Of the lines below, write out exactly those from the line with "Серый Мазда 6, объемом" through the line with "Newlyweds leaving the", both included, and skip the rest.

****************

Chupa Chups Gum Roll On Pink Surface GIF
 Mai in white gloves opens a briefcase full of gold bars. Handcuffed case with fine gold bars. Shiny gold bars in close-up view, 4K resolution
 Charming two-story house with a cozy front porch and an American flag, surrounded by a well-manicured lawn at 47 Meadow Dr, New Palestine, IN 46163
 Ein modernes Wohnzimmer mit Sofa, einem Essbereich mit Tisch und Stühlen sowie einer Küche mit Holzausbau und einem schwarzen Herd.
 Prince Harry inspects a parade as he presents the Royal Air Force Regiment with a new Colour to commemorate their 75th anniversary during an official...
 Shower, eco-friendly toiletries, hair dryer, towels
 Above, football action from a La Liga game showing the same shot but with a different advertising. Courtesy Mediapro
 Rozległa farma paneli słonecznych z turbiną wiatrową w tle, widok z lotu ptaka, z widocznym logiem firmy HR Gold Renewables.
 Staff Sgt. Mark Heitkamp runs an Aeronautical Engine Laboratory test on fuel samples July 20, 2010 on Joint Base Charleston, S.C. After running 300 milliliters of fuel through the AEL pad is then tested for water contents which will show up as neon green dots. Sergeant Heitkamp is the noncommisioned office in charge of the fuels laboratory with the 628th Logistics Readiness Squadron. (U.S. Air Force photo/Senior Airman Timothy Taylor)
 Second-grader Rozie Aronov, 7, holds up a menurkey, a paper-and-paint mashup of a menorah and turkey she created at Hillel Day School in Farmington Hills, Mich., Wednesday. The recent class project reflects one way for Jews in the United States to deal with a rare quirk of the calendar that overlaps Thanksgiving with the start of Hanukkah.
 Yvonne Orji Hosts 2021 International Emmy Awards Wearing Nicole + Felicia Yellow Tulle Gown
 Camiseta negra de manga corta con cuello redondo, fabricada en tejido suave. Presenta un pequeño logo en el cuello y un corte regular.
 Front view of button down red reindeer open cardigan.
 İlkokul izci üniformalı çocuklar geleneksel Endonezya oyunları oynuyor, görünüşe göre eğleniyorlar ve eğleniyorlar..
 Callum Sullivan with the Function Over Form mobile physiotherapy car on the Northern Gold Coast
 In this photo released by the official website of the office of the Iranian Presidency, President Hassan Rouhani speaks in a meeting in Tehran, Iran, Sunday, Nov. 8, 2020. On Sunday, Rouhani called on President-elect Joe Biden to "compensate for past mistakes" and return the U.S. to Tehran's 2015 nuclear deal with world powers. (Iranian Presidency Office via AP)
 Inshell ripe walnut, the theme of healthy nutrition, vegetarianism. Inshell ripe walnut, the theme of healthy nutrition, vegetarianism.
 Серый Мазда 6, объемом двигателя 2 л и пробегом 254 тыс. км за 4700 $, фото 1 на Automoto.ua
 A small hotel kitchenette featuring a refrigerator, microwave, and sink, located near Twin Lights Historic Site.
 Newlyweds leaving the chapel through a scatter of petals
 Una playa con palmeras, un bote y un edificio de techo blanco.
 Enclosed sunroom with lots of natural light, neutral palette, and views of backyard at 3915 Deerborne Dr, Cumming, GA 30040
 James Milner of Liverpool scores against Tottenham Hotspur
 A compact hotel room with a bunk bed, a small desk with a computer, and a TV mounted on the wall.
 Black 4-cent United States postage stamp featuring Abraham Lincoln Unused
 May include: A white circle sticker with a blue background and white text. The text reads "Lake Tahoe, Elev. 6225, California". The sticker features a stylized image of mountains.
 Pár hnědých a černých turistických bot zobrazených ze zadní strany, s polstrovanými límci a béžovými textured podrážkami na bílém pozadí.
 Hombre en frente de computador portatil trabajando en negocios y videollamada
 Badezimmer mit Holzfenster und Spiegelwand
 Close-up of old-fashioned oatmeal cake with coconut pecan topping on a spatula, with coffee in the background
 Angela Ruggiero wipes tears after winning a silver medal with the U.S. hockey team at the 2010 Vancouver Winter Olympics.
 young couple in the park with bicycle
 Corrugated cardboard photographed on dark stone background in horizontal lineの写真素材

****************

[RESPONSE FOR THIS EXERCISE]
 Серый Мазда 6, объемом двигателя 2 л и пробегом 254 тыс. км за 4700 $, фото 1 на Automoto.ua
 A small hotel kitchenette featuring a refrigerator, microwave, and sink, located near Twin Lights Historic Site.
 Newlyweds leaving the chapel through a scatter of petals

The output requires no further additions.